The primary business of Hotel Chocolate is chocolate making, which is how I became familiar with the brand.  The chocolate line is extensive, containing everything you'd expect, ranging from bars, to truffles, to enrobed fruits and nuts, to drinking chocolate.

It doesn't really stop there though. They make things like chocolate spreads, mixed with things like gingerbread spices (the Gingerbread Christmas Spread) or the even better sounding salted caramel and pecans.  They also make jams, chutneys, and marmalades infused with cocoa. And ... cocoa pesto ... yes, basil, pine nuts, cheese, and cocoa nibs.  And cocoa pasta.  And cocoa nib ketchup.  And cocoa balsamic vinegar and finishing oils.  And even beer, vodka, and gin infused with cocoa pulp.  The list goes on and on.  It seems crazy at first, but I guess if they are developing menus for the restaurants and cafes to feature cocoa in many forms, these products probably just came out of that collaboration?  A little harder to explain is the beauty product line (body creme, eau de parfum, bath oils, candles, etc, etc), although, I guess those were developed for the hotels?

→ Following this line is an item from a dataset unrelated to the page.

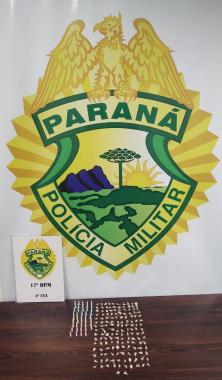 Na RMC, PM prende rapaz que estava com 152 pedras de crack e 44 pinos de cocaína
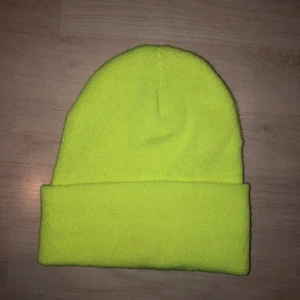 Mössa - Säljer denna mysiga neongula mössa som tyvärr inte kommer till användning! Köpt på beyond retro. Använd bara ett fåtal gånger så är i fint skick! Perfekt till hösten! 💛💚 frakt tillkommer eller så möts vi i Sthlm! 🥰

Anyway, totally fascinating.  I usually go to look up a chocolate maker, read the quick little details about where they source the cacao from, and quickly move on.  I totally got lost in Hotel Chocolat's website.
British Airways Treat!
Now, the chocolate.  I received this aboard a British Airways flight, a cute little package of two chocolates, wrapped in plastic, inside a cardboard tube.  Hotel Chocolat offers a zillion packaging options and very, very elaborate gift boxes.
Chocolate Menu.
The backside featured my "Chocolate Menu".  Inside, I'd find:
  • "A silky soft and perfectly creamy 40% milk chocolate truffle"
  • "Indulgent 70% dark chocolate filled with slated molten caramel"
The packaging also boasts "Hotel Chocolat represents a new model of luxury chocolate-maker.  Growing cocoa ourselves on our plantation in Saint Lucia enables us to link the world of sustainable cocoa agriculture with the hedonism of fabulous chocolate!"
Milk ganache in a milk chocolate shell.
I started with the milk chocolate, 40%.

The shell was smooth and quite creamy, with a nice snap.  I don't tend to go for milk chocolate, but this was actually a really complex milk chocolate.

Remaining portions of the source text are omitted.